Question: Find \[\dfrac{1}{{1 + {x^2}}}\left\\{ {1 + \dfrac{{2x}}{{1 + {x^2}}} + {{\left( {\dfrac{{2x}}{{1 + {...

Question

Find $\dfrac{1}{{1 + {x^2}}}\left\\{ {1 + \dfrac{{2x}}{{1 + {x^2}}} + {{\left( {\dfrac{{2x}}{{1 + {x^2}}}} \right)}^2} + \ldots \ldots \ldots + \infty } \right\\}$

Answer 1

Solution

In the given question, we are asked to find the value of the given expression. There is a series inside a bracket. If we observe it carefully, we will find that the given series is a geometric progression i.e. G.P. We will solve the G.P. first using the applicable identity and then multiply it by the term outside the bracket to get the desired result.
Formula used:
${\left( {a - b} \right)^2} = {a^2} + {b^2} - 2ab$
Sum of infinite terms of a G.P. is given by ${S_\infty } = \dfrac{a}{{1 - r}}$ ,
where, $a$ is the first term of a G.P. and $r$ is the common ratio, $0 < r < 1$ .

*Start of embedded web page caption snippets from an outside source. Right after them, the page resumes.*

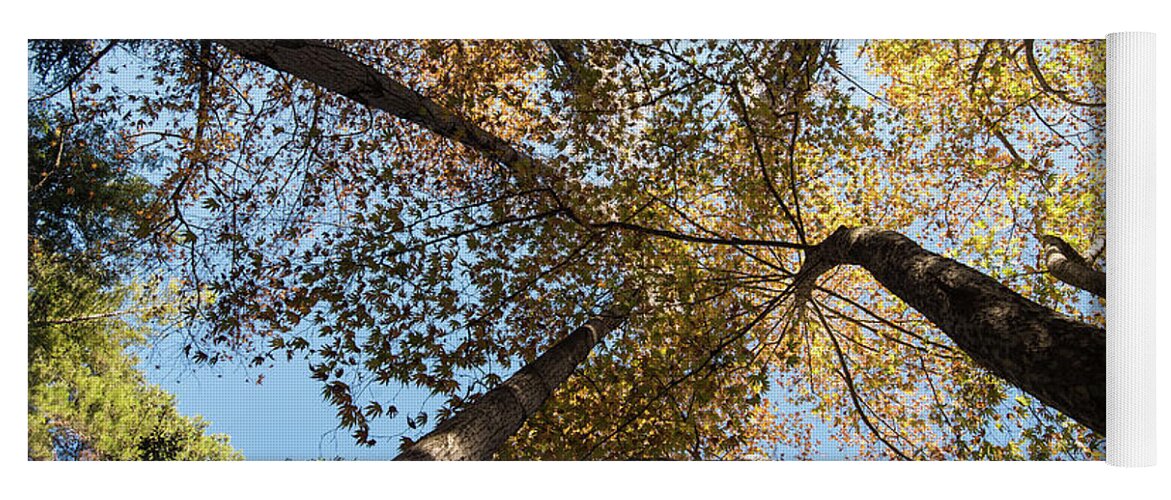 Tree Yoga Mat featuring the photograph Treetops of maple trees in Autumn by Michalakis Ppalis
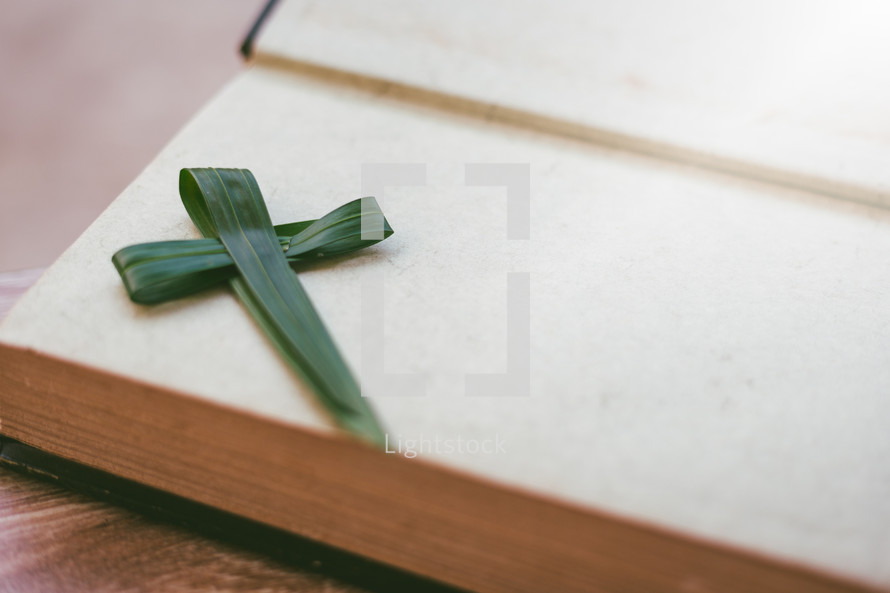 Palm cross on a book 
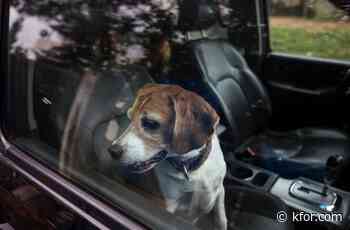 Enid Police warn against breaking into hot cars to save animals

Complete step by step answer:
To find: $\dfrac{1}{{1 + {x^2}}}\left\\{ {1 + \dfrac{{2x}}{{1 + {x^2}}} + {{\left( {\dfrac{{2x}}{{1 + {x^2}}}} \right)}^2} + \ldots \ldots \ldots + \infty } \right\\}$
Observing the series inside the bracket, we find it to be a G.P. with $a = 1$ and $r = \dfrac{{2x}}{{1 + {x^2}}}$ . Now, we will solve the G.P. first using the formula of sum of infinite terms of a G.P.
Let $A = \,1 + \dfrac{{2x}}{{1 + {x^2}}} + {\left( {\dfrac{{2x}}{{1 + {x^2}}}} \right)^2} + \ldots \ldots \ldots + \infty$
Sum of infinite terms of a G.P. is given by ${S_\infty } = \dfrac{a}{{1 - r}}$ ,
where, $a$ is the first term of a G.P. and $r$ is the common ratio, $0 < r < 1$ .
$\therefore A = \dfrac{1}{{1 - \dfrac{{2x}}{{1 + {x^2}}}}}$
Simplifying it, we get,

A = \dfrac{1}{{\dfrac{{1 + {x^2} - 2x}}{{1 + {x^2}}}}} \\\ \Rightarrow A = \dfrac{{1 + {x^2}}}{{1 + {x^2} - 2x}} \\\

Using the identity ${\left( {a - b} \right)^2} = {a^2} + {b^2} - 2ab$ ,
$A = \dfrac{{1 + {x^2}}}{{{{\left( {1 - x} \right)}^2}}}$
As we have solved the G.P, now we will multiply by the term given outside the bracket.
Therefore, the given expression will become,
$\dfrac{1}{{1 + {x^2}}}\left\\{ {\dfrac{{1 + {x^2}}}{{{{\left( {1 - x} \right)}^2}}}} \right\\}$
Cancelling the common term in numerator and denominator,
$= \dfrac{1}{{{{\left( {1 - x} \right)}^2}}}$
Hence, $\dfrac{1}{{1 + {x^2}}}\left\\{ {1 + \dfrac{{2x}}{{1 + {x^2}}} + {{\left( {\dfrac{{2x}}{{1 + {x^2}}}} \right)}^2} + \ldots \ldots \ldots + \infty } \right\\} = \dfrac{1}{{{{\left( {1 - x} \right)}^2}}}$ .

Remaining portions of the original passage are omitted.